#### [Instructions for the task]
From the material below, copy exactly the lines beginning with the one that contains "買取 レトロコーヒー豆グライ" and ending with the one that contains "dark chocolate raspberry"; the pictures stay out.

----- Records to use -----

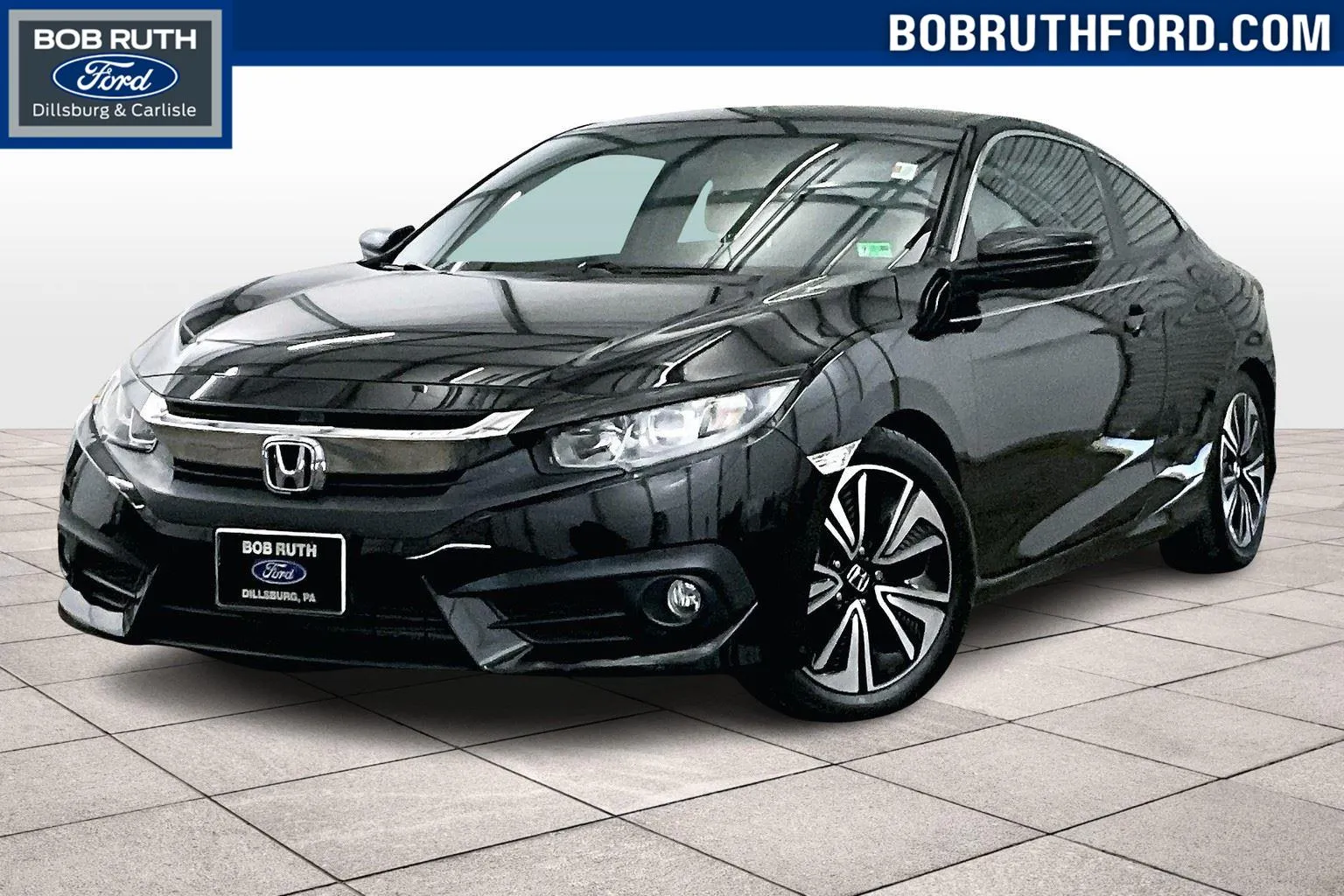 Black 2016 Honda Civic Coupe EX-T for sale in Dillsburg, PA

-----
----- Records to use -----

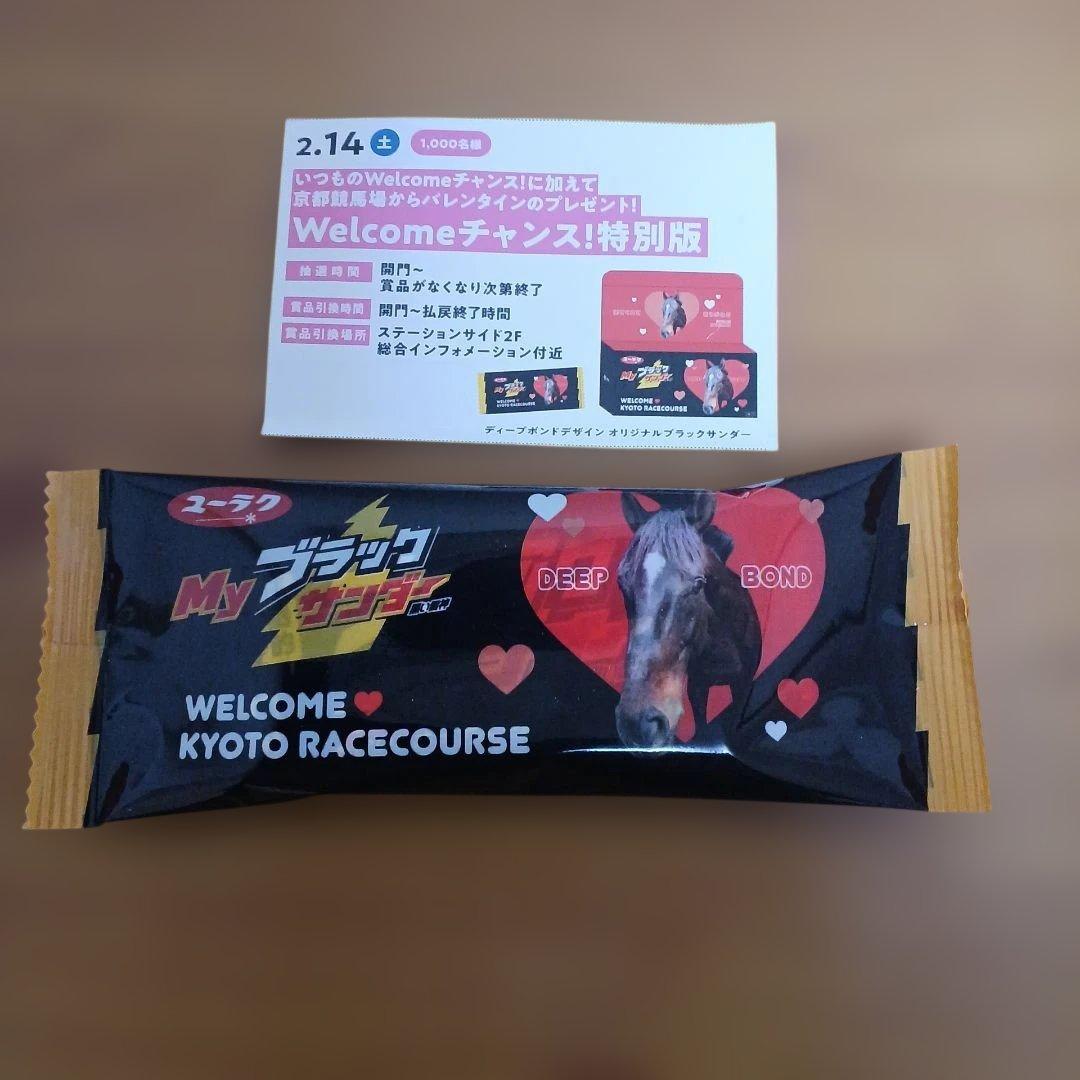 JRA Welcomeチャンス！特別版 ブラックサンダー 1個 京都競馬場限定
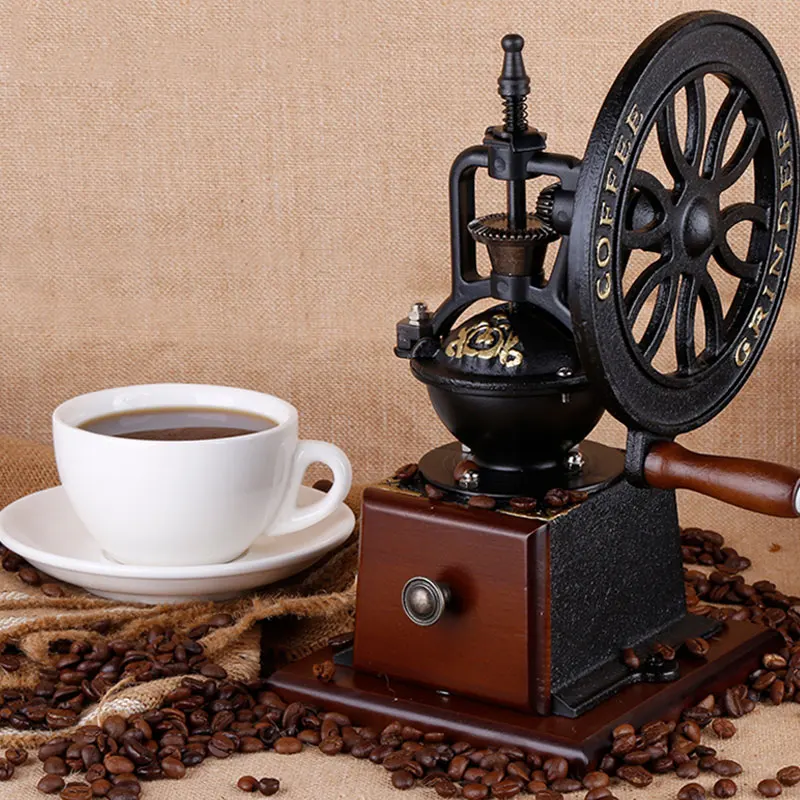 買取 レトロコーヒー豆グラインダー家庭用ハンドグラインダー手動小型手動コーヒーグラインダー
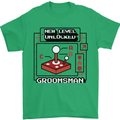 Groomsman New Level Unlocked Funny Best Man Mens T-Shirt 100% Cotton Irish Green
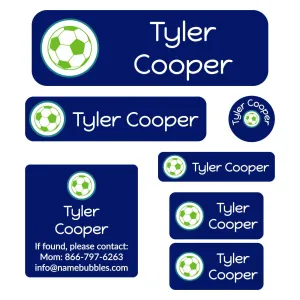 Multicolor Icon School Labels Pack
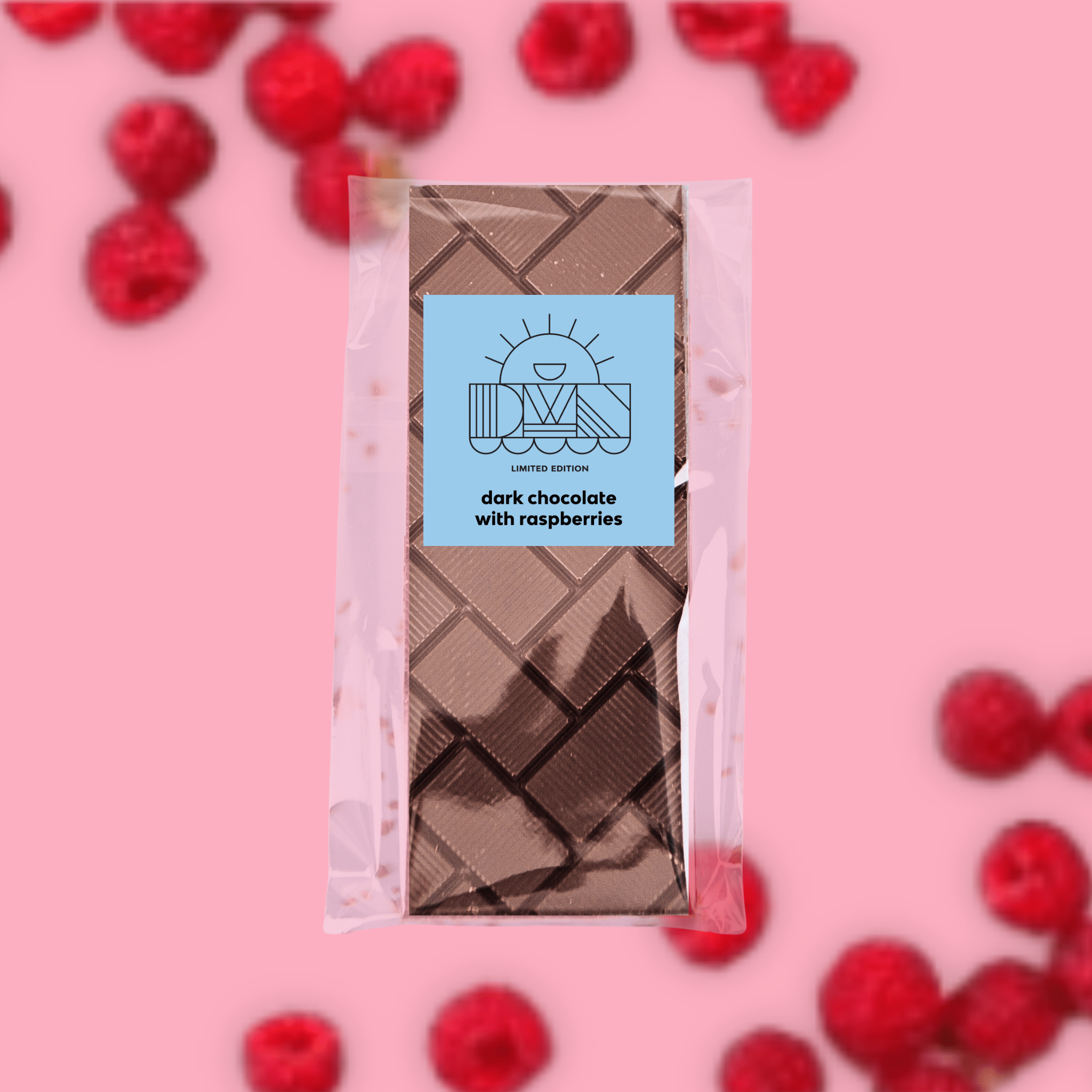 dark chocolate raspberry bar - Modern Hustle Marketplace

-----

#### [Solution to this exercise]
 買取 レトロコーヒー豆グラインダー家庭用ハンドグラインダー手動小型手動コーヒーグラインダー
 Groomsman New Level Unlocked Funny Best Man Mens T-Shirt 100% Cotton Irish Green
 Multicolor Icon School Labels Pack
 dark chocolate raspberry bar - Modern Hustle Marketplace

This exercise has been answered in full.